The operator who estimates and reports CO
2 emissions
using a CEMS under 40 CFR
§
98.33(a)(4) must also
report the quantity of each type of fuel combusted in the unit or group of
units (as applicable) during the reporting year, in standard cubic feet for
gaseous fuels, gallons for liquid fuels, short tons for solid fuels, and bone
dry short tons for biomass-derived solids. Fuel use monitoring devices for
units covered under this paragraph are exempt from the provisions of section
95103(k) of this
article.
(h)
Aggregation of
Units. Facility operators may elect to aggregate units according to
40 CFR §
98.36(c), except as
otherwise provided in this paragraph. Facility operators that are reporting
under more than one source category in paragraphs 95101(a)(1)(A)-(B) and that
elect to follow 40 CFR
§
98.36(c)(1), (c)(3) or
(c)(4), must not aggregate units that belong
to different source categories. For the purpose of unit aggregation, units
subject to 40 CFR Part
98 Subpart C that are associated with one source
category must not be grouped with other Subpart C units associated with another
source category, except when 40 CFR §
98.36(c)(2) applies.
Aggregation of stationary fuel combustion units is limited to units of the same
type, where the unit type categories are: boiler, reciprocating internal
combustion engine, turbine, process heater, and other (none of the above). When
reporting under the provisions of
40 CFR §
98.36(c)(1) for an
aggregation of units or (c)(3) for common pipe configurations, the requirements
can be met by separately reporting the fuel use by fuel type as a percentage of
the aggregated fuel consumption attributed to each individual unit or each
group of units of the same type. Units subject to section
95112 must use the criteria for
aggregation in section
95112(b).
Facility operators that choose to aggregate units according to the common stack
provision in 40 CFR §
98.36(c)(2) using CEMS may
report emissions according to
40 CFR §
98.36(c)(2), but they must
separately report the fuel use by fuel type as a percentage of the aggregated
fuel consumption attributed to each individual unit or each group of units of
the same type, such that the grouping of units still meets the limitations for
unit aggregation specified elsewhere in this paragraph.
(i)
Pilot Lights.
Notwithstanding the exclusion of pilot lights from this source category in
40 CFR §
98.30(d), the operator must
include emissions from pilot lights in the emissions data report when operated
300 hours or more in the data year. The operator may apply appropriate methods
from 40 CFR §
98.33 or engineering methods to calculate
these emissions when pilot lights are unmetered. Pilot lights fueled from a
common fuel source may be aggregated for reporting. Pilot lights may be
reported as
de minimis consistent with the requirements of
section
95103(i).
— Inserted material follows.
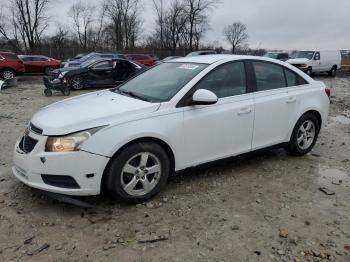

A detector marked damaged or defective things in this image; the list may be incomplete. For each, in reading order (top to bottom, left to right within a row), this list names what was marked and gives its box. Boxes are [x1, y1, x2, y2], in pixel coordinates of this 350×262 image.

wrecked vehicle [12, 54, 330, 203]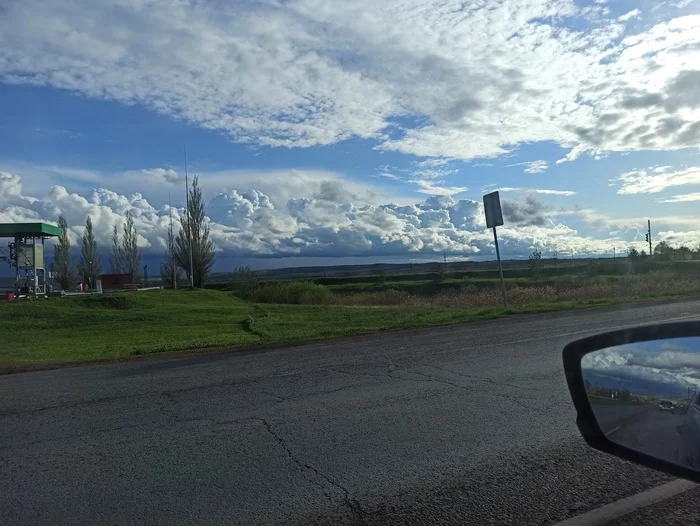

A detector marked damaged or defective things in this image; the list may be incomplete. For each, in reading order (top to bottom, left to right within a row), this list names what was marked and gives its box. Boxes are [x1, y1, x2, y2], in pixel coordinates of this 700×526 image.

cracked asphalt road [1, 300, 700, 524]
Pilot
lights are not subject to the measurement device calibration requirements of
section
95103, but pilot light emissions
calculations are subject to verification.
(j)
Electricity Generating and
Cogeneration Units. The operator of a facility that includes
electricity generating and cogeneration units meeting the applicability
criteria of section
95101 must meet the requirements
specified in section
95112 of this article.
(k)
Natural Gas Supplier
Information. The operator who is reporting emissions from the
combustion of natural gas must report the name(s) of the supplier(s) of natural
gas to the facility, the operator's natural gas supplier customer account
number(s), natural gas supplier service account identification number(s) or
other primary account identifier(s), and the annual MMBtu delivered to each
account according to billing statements (10 therms = 1 MMBtu), and if the
natural gas was received directly from an interstate pipeline supplier. In the
case that the natural gas is purchased from an entity other than the natural
gas supplier, the operator must report the supplier name and customer or
service account identification number, but may report the annual MMBtu
delivered based on the seller's billing statement.
(l)
Information on Natural Gas
Supplied to Downstream Users. The operator who is reporting emissions
from the combustion of natural gas must report whether any of the natural gas
reported pursuant to section
95115(k) was
supplied to downstream users outside of the operator's facility boundary. If
so, the operator must report the name of the facility and the annual MMBtu
delivered to each user according to billing statements or financial
records.
(m)
Procedures for
Missing Data. To substitute for missing data for emissions reported
under section
95115 of this article, the
operator must follow the requirements of section
95129.
(n)
Additional Product Data.
Operators of the following types of facilities must also report the production
quantities indicated below.
(1) The operator
of a facility engaged in hot rolling and/or cold rolling of steel must report
the quantity of hot rolled steel sheet, pickled steel sheet, cold rolled and
annealed steel sheet, galvanized steel sheet, and tin plate produced in the
data year (short tons). For cold rolled and annealed steel sheet, the operator
must also report a description of the process used to produce the products,
such as continuous annealing process or batch annealing.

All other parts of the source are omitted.